#### EXERCISE:
No pictures go in the copy; retype exactly the lines from the one with "Sperm Whale by" through the last line of the records.

DATA PROVIDED below:

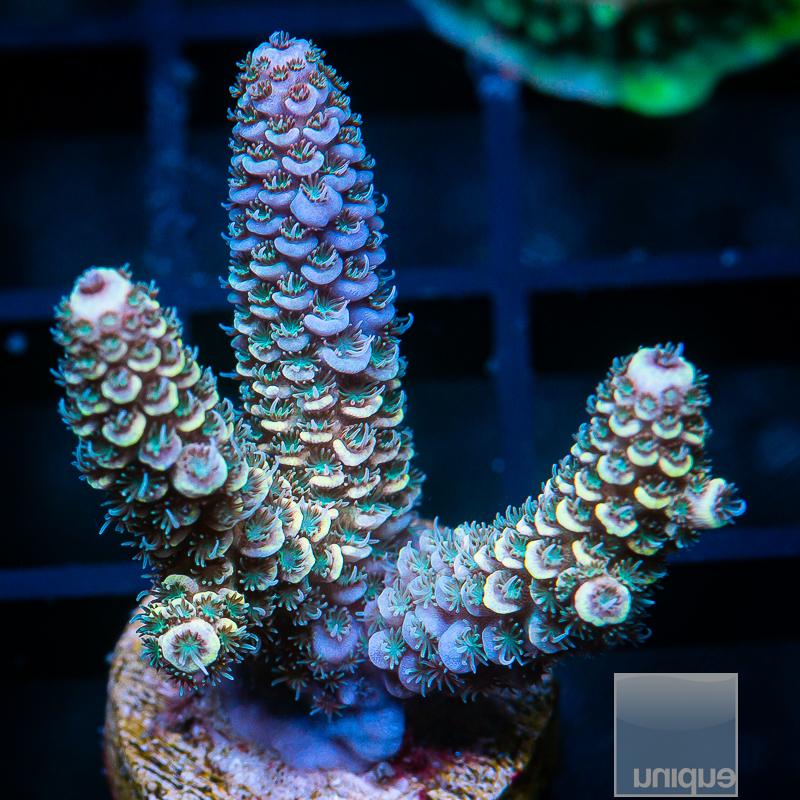 Oddball Sapphire Millepora 189 99.JPG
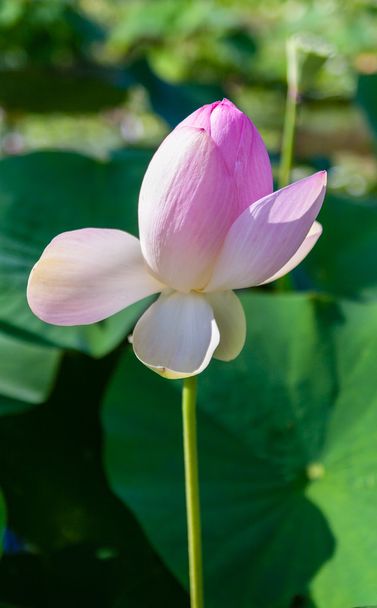 Beautiful lotus flower - Valokuva, kuva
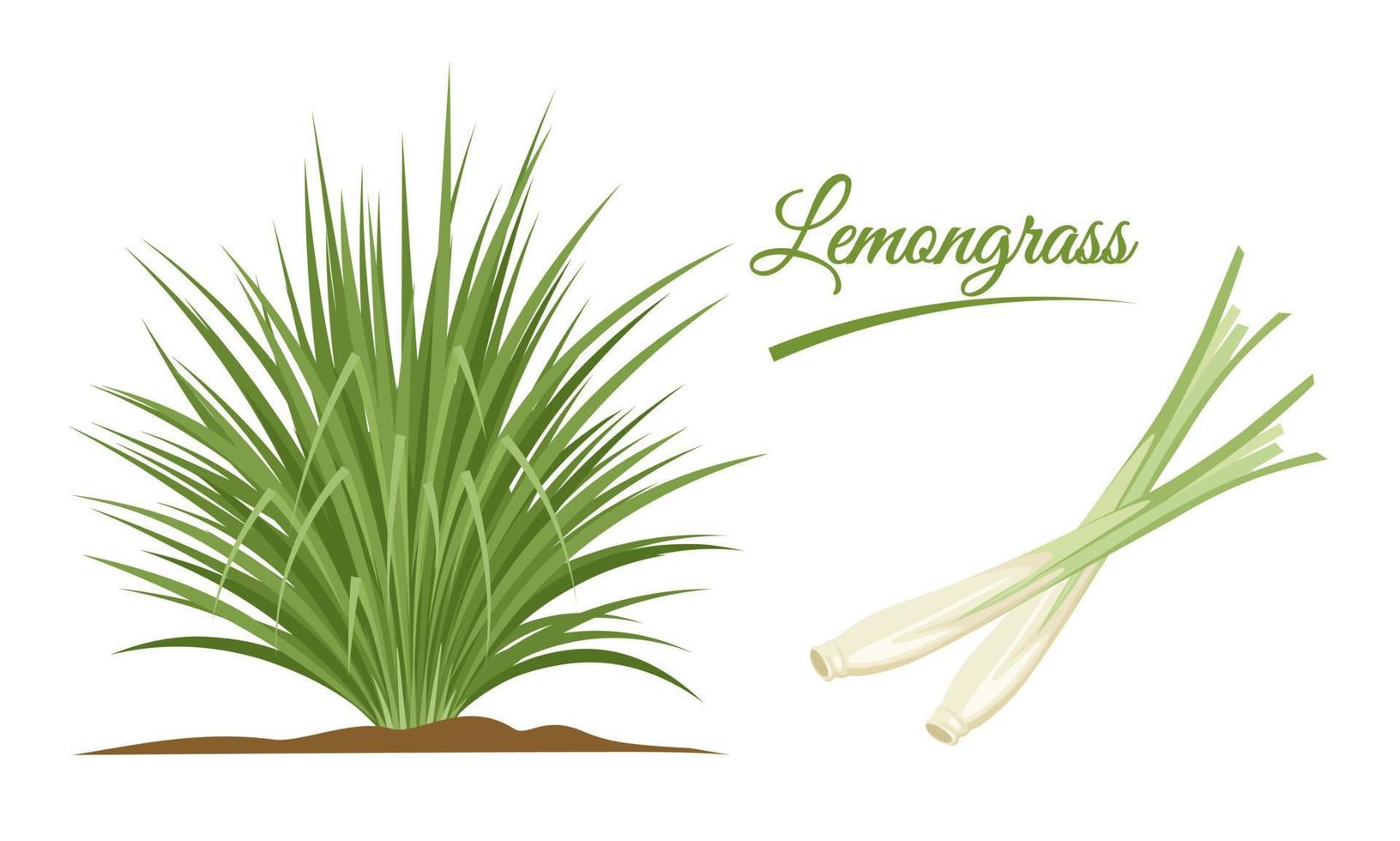 vettore illustrazione, citronella grumo o cymbopogon, e citronella steli, isolato su un' bianca sfondo.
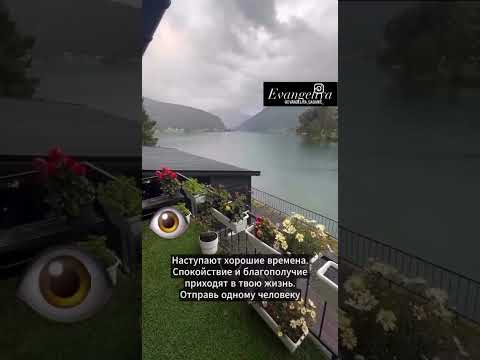 #music #таро #раскладбеларусь #бизнес #талант #таролог #музыкальность #успех #мастертаро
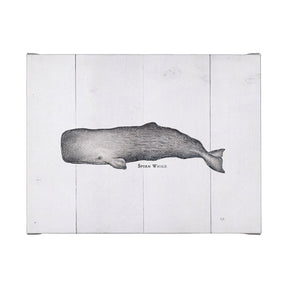 Sperm Whale by Mercana Studio a Hand Embellished Textured Canvas by Mercana at Eve Furniture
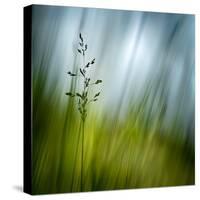 Morning Grass-Ursula Abresch-Stretched Canvas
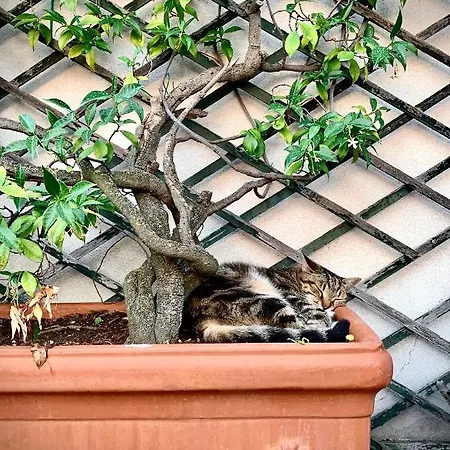 Bed & Breakfast Michelangelo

End of DATA PROVIDED.

#### ANSWER FOR THE TASK:
 Sperm Whale by Mercana Studio a Hand Embellished Textured Canvas by Mercana at Eve Furniture
 Morning Grass-Ursula Abresch-Stretched Canvas
 Bed & Breakfast Michelangelo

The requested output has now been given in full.